BEGIN Data extract
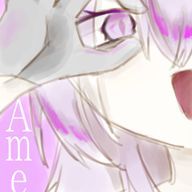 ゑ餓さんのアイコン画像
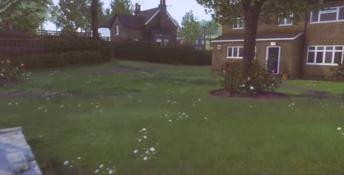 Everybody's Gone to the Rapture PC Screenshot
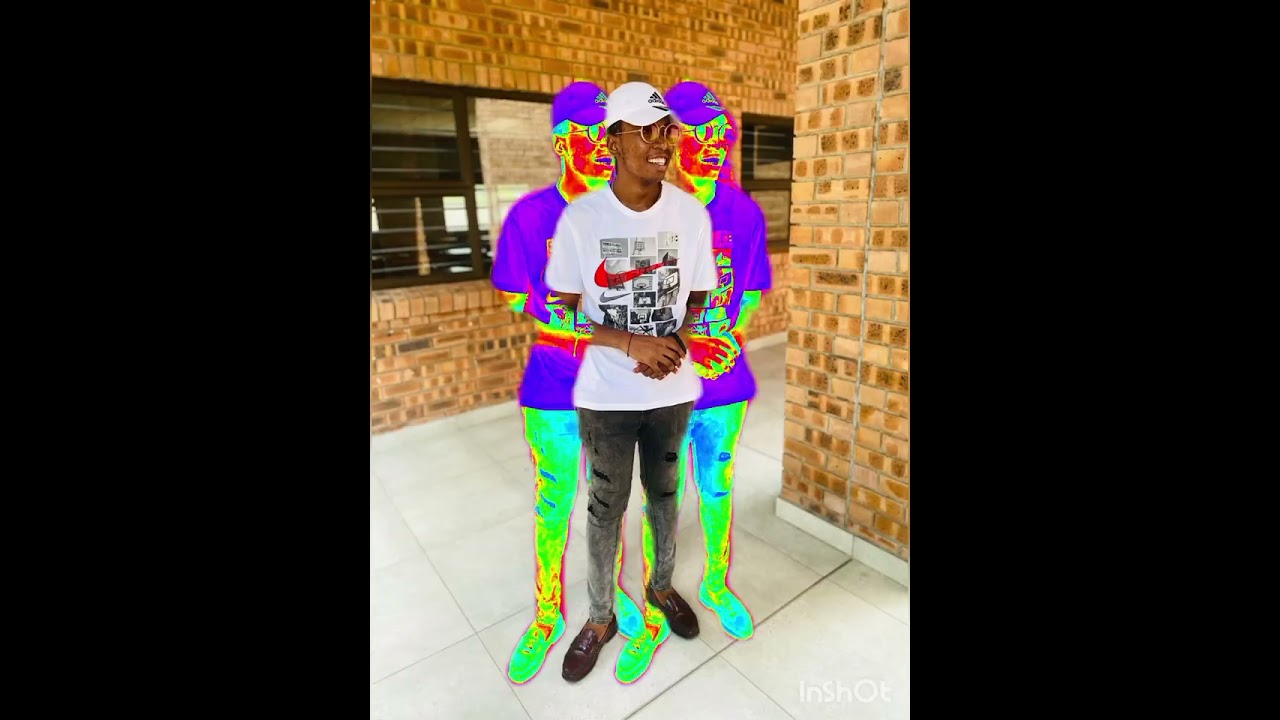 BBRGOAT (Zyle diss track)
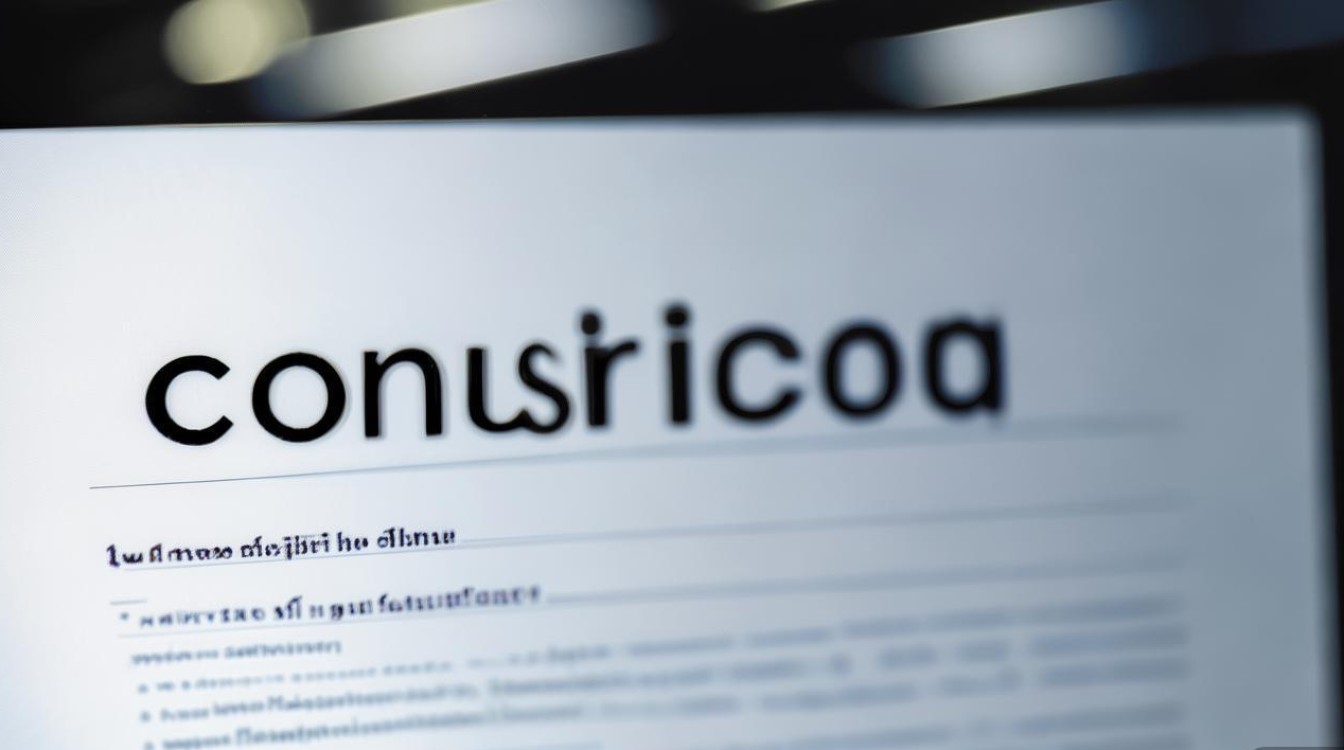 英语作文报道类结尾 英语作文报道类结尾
END Data extract
*What is being asked*.
The copy should match each line above exactly and contain no images.

*Expected answer*.
 ゑ餓さんのアイコン画像
 Everybody's Gone to the Rapture PC Screenshot
 BBRGOAT (Zyle diss track)
 英语作文报道类结尾 英语作文报道类结尾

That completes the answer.